Não trabalhar para quem não precisa.
As plantas, essas, que parece que não crescem e não podem voar, senão quando um vendaval as arranca e as transporta para algum chão em que voltem a criar raízes, que pensarão dos pássaros e do sol e da lua?...
Quem disse que uma vida não se mede em dias, meses ou anos, mas em quantidade de moeda equivalente ao tempo "gasto" para a sustentar, que é considerado "perdido" se não der retorno?
É assim, tanto com a vida dos bichos como com a vida das pessoas?
Criar riqueza hoje tem um significado muito retorcido. Um incendiário pode ser um criador de riqueza. E um consumidor de combustíveis também, assim como um vírus mortífero.
Mas, e o amor?
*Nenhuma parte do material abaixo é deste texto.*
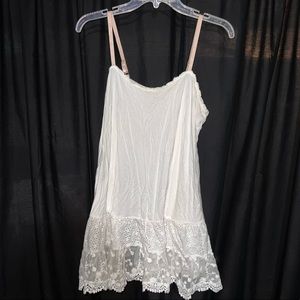 Matilda Jane white lace edge top & dress extender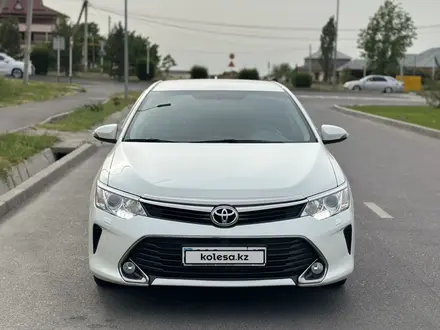 Toyota Camry 2017 года за 12 539 575 тг. в Шымкент – фото 2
De que riqueza é o amor?

               Carlos Ricardo Soares

quarta-feira, 29 de abril de 2020

A poesia das ciências

As emoções que a ciência é susceptível de despertar ou provocar ou mudar...podem ser tão intensas e complexas que nenhuma linguagem ou expressão conseguem traduzir, mas isso dever-se-á talvez à natureza das emoções humanas. 
Acontece, não obstante, que a própria linguagem da ciência tem a aptidão para desencadear emoções de espanto e de deslumbramento tão ou mais complexas do que as emoções ditas estéticas e poéticas e que, como elas, nos colocam perante territórios ou mapas de pensares e de sentires e de sonhares que nos arrebatam de pontos de referência e nos compelem a procurar compreensão e inteligência em horizontes inesperados e surpreendentes.